- [Work item]
Read through the records. Copy each line that has the word "para".

- [Web page caption snippets]

BEGIN

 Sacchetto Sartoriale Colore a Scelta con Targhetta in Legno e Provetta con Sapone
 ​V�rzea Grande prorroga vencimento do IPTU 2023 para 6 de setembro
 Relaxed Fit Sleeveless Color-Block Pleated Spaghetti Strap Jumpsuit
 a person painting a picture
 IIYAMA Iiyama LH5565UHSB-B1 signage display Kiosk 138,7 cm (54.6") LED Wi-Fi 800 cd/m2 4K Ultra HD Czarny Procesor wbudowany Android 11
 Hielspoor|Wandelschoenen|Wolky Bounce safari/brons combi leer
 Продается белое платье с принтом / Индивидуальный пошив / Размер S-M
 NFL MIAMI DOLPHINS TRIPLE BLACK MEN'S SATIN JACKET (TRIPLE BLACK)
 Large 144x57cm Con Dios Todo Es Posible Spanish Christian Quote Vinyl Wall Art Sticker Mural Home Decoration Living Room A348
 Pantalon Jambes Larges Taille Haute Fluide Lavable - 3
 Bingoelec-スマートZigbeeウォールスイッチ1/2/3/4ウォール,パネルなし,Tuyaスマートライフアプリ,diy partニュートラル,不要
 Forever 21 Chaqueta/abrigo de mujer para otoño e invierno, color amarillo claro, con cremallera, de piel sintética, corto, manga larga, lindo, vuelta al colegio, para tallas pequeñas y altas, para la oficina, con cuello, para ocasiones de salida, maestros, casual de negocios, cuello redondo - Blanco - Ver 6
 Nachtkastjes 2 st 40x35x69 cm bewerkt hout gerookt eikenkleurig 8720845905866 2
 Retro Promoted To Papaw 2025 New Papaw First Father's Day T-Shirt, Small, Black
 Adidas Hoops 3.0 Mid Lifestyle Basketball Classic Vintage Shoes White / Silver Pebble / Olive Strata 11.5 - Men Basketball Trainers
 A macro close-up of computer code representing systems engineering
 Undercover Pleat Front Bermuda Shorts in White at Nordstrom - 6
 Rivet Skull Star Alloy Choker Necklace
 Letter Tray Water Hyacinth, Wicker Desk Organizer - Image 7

END

- [Your solution]
 ​V�rzea Grande prorroga vencimento do IPTU 2023 para 6 de setembro
 Forever 21 Chaqueta/abrigo de mujer para otoño e invierno, color amarillo claro, con cremallera, de piel sintética, corto, manga larga, lindo, vuelta al colegio, para tallas pequeñas y altas, para la oficina, con cuello, para ocasiones de salida, maestros, casual de negocios, cuello redondo - Blanco - Ver 6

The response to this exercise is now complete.